Data to examine:
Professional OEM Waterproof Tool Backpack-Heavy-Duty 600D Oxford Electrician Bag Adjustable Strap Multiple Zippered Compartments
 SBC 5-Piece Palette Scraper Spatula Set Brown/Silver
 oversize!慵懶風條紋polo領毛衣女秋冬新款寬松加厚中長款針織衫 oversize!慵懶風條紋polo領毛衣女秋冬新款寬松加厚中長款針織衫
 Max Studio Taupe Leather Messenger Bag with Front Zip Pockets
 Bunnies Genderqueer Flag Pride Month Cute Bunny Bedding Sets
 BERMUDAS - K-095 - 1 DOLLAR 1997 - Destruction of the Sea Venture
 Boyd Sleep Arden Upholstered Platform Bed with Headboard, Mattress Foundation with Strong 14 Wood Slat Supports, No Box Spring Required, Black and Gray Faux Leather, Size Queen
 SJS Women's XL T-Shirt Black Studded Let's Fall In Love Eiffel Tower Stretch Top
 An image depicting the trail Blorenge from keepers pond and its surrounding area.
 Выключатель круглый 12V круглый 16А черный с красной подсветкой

About this exercise: Find the lines in the records that contain the word "Leather", then copy every one of them.

Written solution:
 Max Studio Taupe Leather Messenger Bag with Front Zip Pockets
 Boyd Sleep Arden Upholstered Platform Bed with Headboard, Mattress Foundation with Strong 14 Wood Slat Supports, No Box Spring Required, Black and Gray Faux Leather, Size Queen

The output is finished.